- _Exercise objective_:
The required output is a word-for-word restatement of the material below, from the line with "TV and multimedia, Kitchen" through its last line, inclusive.

- _Dataset excerpt_:
--------------------------------------------------

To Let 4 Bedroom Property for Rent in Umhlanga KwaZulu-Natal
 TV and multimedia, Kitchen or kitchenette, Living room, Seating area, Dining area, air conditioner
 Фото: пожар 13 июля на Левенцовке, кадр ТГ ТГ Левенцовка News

--------------------------------------------------

- _Response to the exercise_:
 TV and multimedia, Kitchen or kitchenette, Living room, Seating area, Dining area, air conditioner
 Фото: пожар 13 июля на Левенцовке, кадр ТГ ТГ Левенцовка News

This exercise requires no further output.